I'm just wondering why people use tracked loaders over wheel loaders or skidsteers. A few contractors around have them, but what advantages over other equipment do they have? I saw an older Cat 933(i think) traxcavator at this town DPW yard where they keep materials. Local contractors sometimes have equipment there to load materials for the town. My friend also has an older 933 (i think) traxcavator. Anyone know why people use them or what advantages they have over other machines?


thanks,

Bryan


----------



## WALT (Feb 7, 2001)

Track loaders offer a hell of a lot more traction than wheeled versions and have low ground pressure thus raising the floatability. Although the versitility is not as great as wheeled versions, sometimes jobs require those certain capabilities. That's why also track models are a minority. There is also the fact of operator preferance.
I would say that the DPW keeps theirs at the stockpile yard because they don't use it as ofen on certain jobs. By doing this they can ensure there is a loader there most of the time for loading trucks. Another reason could be that it is much better to stockpile materials with a tracked loader vs. wheeled.
Hope this helps...


----------



## digger242j (Nov 22, 2001)

It's been a long time since the question was asked, but I've only been here since November, and I'm slowly working my way backwards into the posts...
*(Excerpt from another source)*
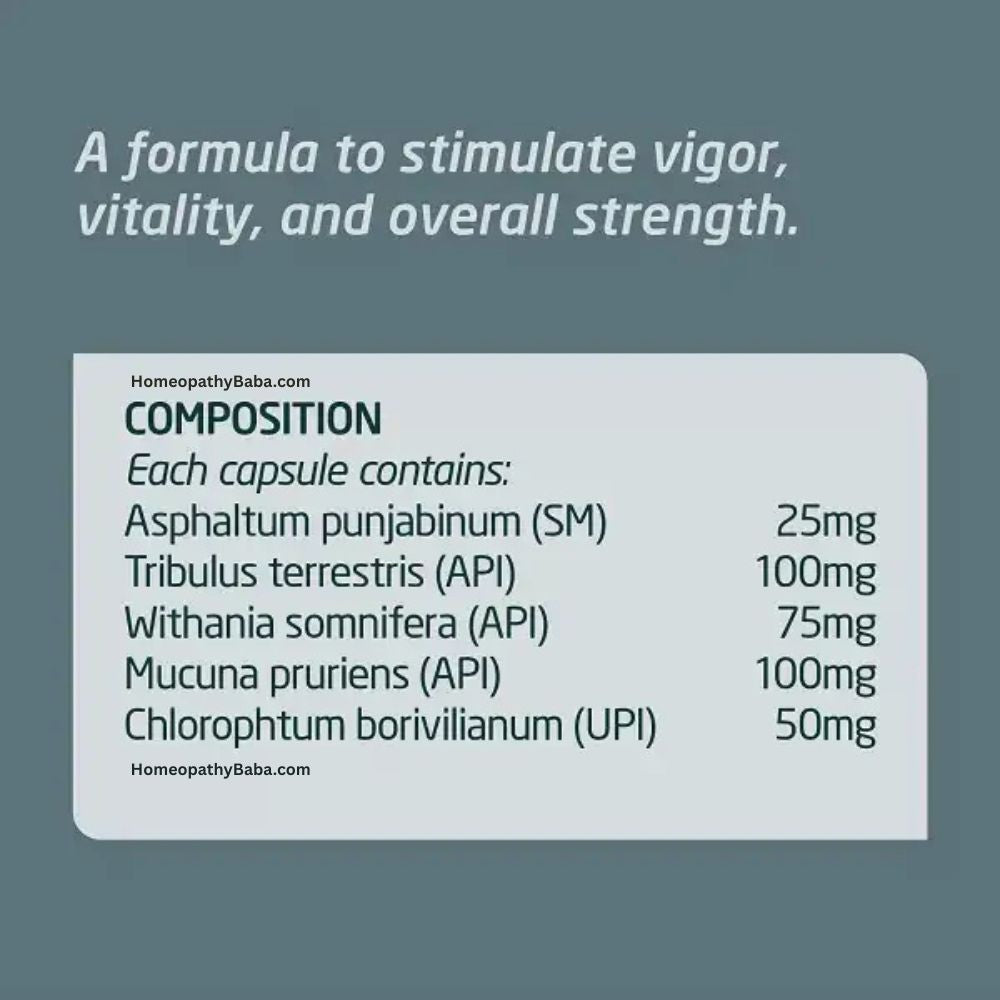 Paul Brooks Salajeet Capsules for male vitality and stamina support | HomeopathyBaba.com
Besides the "floatability" factor, a track machine tends to be more stable from front to back. If you've ever tried grading anything with a rubber tired machine you'll find that if you get a little dip, or hump, as soon as the tires reach it and roll over or through it, you create another one, worse than the first. A track machine bridges those dips and humps and stays fairly true to the grade you're running on. Also, the weight of the tracks keeps the center of gravity low, so you can work slopes that you'd never get near with a rubber tired machine. They don't get flat tires from running over pointy stuff either.


----------



## diggerman (May 19, 2001)

I have two track loaders and a rubber tired loader of comparable H.P. and there is no comparision in reguards to traction and mud capability.We also do quite a bit of demolition and the tracks offer the ability to function with out the worry of flats. Also for grading as was stated earlier there is not quite the tendence for the whoopdeedos,level grading is much easier. A track machine on bad soil does not pump the water to the surface and create ruts nearly as bad,as a rubber tired machine and here in Iowa that can be a big problem.We have roughly 3 to six feet of black loamey soil that be comes muck with very little moisture and much of it that is buried is in a purpetual state of muck.In fact there are very few rubber tired scrapers here, most of the big contractors use D8 to D10 with pans. If you would like to see the benefits for yourself I have a crawler loader for sale for just $19,000,in no time you could be digging wholes in your neighbors yard(big ones)


----------